● Work request
The reply should hold every record, copied exactly.

[Provided entries — start]

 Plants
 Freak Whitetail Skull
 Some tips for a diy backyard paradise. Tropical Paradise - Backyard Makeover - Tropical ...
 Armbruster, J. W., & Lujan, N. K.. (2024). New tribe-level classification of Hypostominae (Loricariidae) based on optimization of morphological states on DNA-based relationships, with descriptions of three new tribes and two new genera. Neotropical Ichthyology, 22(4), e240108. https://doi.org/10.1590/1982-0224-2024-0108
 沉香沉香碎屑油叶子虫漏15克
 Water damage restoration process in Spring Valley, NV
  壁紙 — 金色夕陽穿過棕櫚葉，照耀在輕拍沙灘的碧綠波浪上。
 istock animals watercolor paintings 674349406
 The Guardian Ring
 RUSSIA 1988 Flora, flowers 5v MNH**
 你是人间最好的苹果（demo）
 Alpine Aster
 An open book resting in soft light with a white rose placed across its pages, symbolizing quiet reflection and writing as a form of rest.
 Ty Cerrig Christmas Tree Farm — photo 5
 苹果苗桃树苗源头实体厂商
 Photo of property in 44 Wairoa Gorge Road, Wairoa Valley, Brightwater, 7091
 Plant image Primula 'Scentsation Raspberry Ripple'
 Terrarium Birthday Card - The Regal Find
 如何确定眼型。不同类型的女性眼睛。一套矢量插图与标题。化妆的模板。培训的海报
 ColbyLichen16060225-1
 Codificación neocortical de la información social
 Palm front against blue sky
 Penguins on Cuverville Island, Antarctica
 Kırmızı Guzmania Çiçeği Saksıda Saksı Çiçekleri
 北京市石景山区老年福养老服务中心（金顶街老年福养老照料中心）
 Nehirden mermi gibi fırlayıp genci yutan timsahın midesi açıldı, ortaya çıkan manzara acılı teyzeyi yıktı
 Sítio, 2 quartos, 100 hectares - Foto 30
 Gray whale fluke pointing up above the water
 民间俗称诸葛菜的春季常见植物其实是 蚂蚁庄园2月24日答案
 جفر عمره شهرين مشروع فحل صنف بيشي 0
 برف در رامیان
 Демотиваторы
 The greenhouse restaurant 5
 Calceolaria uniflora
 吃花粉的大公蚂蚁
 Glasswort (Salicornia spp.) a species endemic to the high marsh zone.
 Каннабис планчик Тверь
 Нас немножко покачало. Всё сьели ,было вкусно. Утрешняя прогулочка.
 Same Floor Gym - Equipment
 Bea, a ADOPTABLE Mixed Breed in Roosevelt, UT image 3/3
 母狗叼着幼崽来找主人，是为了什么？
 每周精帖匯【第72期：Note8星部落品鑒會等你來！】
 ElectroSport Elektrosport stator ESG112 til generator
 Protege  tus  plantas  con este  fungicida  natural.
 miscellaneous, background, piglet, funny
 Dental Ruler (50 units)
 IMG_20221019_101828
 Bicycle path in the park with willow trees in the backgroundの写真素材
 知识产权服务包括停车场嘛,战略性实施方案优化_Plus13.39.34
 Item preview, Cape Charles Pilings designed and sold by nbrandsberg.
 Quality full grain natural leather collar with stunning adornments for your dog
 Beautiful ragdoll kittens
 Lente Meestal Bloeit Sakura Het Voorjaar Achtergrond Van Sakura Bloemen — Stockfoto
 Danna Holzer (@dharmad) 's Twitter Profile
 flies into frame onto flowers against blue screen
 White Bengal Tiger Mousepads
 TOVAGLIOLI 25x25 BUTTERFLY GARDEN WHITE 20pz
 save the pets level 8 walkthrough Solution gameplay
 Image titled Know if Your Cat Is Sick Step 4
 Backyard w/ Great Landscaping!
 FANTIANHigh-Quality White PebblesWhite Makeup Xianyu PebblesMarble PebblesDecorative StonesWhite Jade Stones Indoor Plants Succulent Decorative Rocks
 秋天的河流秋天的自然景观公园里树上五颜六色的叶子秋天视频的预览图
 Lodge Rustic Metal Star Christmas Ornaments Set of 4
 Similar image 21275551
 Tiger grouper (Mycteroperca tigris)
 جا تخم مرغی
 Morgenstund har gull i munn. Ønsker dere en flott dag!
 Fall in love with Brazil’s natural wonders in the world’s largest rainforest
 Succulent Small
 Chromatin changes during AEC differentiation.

[Provided entries — finish]

● Your response
 Plants
 Freak Whitetail Skull
 Some tips for a diy backyard paradise. Tropical Paradise - Backyard Makeover - Tropical ...
 Armbruster, J. W., & Lujan, N. K.. (2024). New tribe-level classification of Hypostominae (Loricariidae) based on optimization of morphological states on DNA-based relationships, with descriptions of three new tribes and two new genera. Neotropical Ichthyology, 22(4), e240108. https://doi.org/10.1590/1982-0224-2024-0108
 沉香沉香碎屑油叶子虫漏15克
 Water damage restoration process in Spring Valley, NV
  壁紙 — 金色夕陽穿過棕櫚葉，照耀在輕拍沙灘的碧綠波浪上。
 istock animals watercolor paintings 674349406
 The Guardian Ring
 RUSSIA 1988 Flora, flowers 5v MNH**
 你是人间最好的苹果（demo）
 Alpine Aster
 An open book resting in soft light with a white rose placed across its pages, symbolizing quiet reflection and writing as a form of rest.
 Ty Cerrig Christmas Tree Farm — photo 5
 苹果苗桃树苗源头实体厂商
 Photo of property in 44 Wairoa Gorge Road, Wairoa Valley, Brightwater, 7091
 Plant image Primula 'Scentsation Raspberry Ripple'
 Terrarium Birthday Card - The Regal Find
 如何确定眼型。不同类型的女性眼睛。一套矢量插图与标题。化妆的模板。培训的海报
 ColbyLichen16060225-1
 Codificación neocortical de la información social
 Palm front against blue sky
 Penguins on Cuverville Island, Antarctica
 Kırmızı Guzmania Çiçeği Saksıda Saksı Çiçekleri
 北京市石景山区老年福养老服务中心（金顶街老年福养老照料中心）
 Nehirden mermi gibi fırlayıp genci yutan timsahın midesi açıldı, ortaya çıkan manzara acılı teyzeyi yıktı
 Sítio, 2 quartos, 100 hectares - Foto 30
 Gray whale fluke pointing up above the water
 民间俗称诸葛菜的春季常见植物其实是 蚂蚁庄园2月24日答案
 جفر عمره شهرين مشروع فحل صنف بيشي 0
 برف در رامیان
 Демотиваторы
 The greenhouse restaurant 5
 Calceolaria uniflora
 吃花粉的大公蚂蚁
 Glasswort (Salicornia spp.) a species endemic to the high marsh zone.
 Каннабис планчик Тверь
 Нас немножко покачало. Всё сьели ,было вкусно. Утрешняя прогулочка.
 Same Floor Gym - Equipment
 Bea, a ADOPTABLE Mixed Breed in Roosevelt, UT image 3/3
 母狗叼着幼崽来找主人，是为了什么？
 每周精帖匯【第72期：Note8星部落品鑒會等你來！】
 ElectroSport Elektrosport stator ESG112 til generator
 Protege  tus  plantas  con este  fungicida  natural.
 miscellaneous, background, piglet, funny
 Dental Ruler (50 units)
 IMG_20221019_101828
 Bicycle path in the park with willow trees in the backgroundの写真素材
 知识产权服务包括停车场嘛,战略性实施方案优化_Plus13.39.34
 Item preview, Cape Charles Pilings designed and sold by nbrandsberg.
 Quality full grain natural leather collar with stunning adornments for your dog
 Beautiful ragdoll kittens
 Lente Meestal Bloeit Sakura Het Voorjaar Achtergrond Van Sakura Bloemen — Stockfoto
 Danna Holzer (@dharmad) 's Twitter Profile
 flies into frame onto flowers against blue screen
 White Bengal Tiger Mousepads
 TOVAGLIOLI 25x25 BUTTERFLY GARDEN WHITE 20pz
 save the pets level 8 walkthrough Solution gameplay
 Image titled Know if Your Cat Is Sick Step 4
 Backyard w/ Great Landscaping!
 FANTIANHigh-Quality White PebblesWhite Makeup Xianyu PebblesMarble PebblesDecorative StonesWhite Jade Stones Indoor Plants Succulent Decorative Rocks
 秋天的河流秋天的自然景观公园里树上五颜六色的叶子秋天视频的预览图
 Lodge Rustic Metal Star Christmas Ornaments Set of 4
 Similar image 21275551
 Tiger grouper (Mycteroperca tigris)
 جا تخم مرغی
 Morgenstund har gull i munn. Ønsker dere en flott dag!
 Fall in love with Brazil’s natural wonders in the world’s largest rainforest
 Succulent Small
 Chromatin changes during AEC differentiation.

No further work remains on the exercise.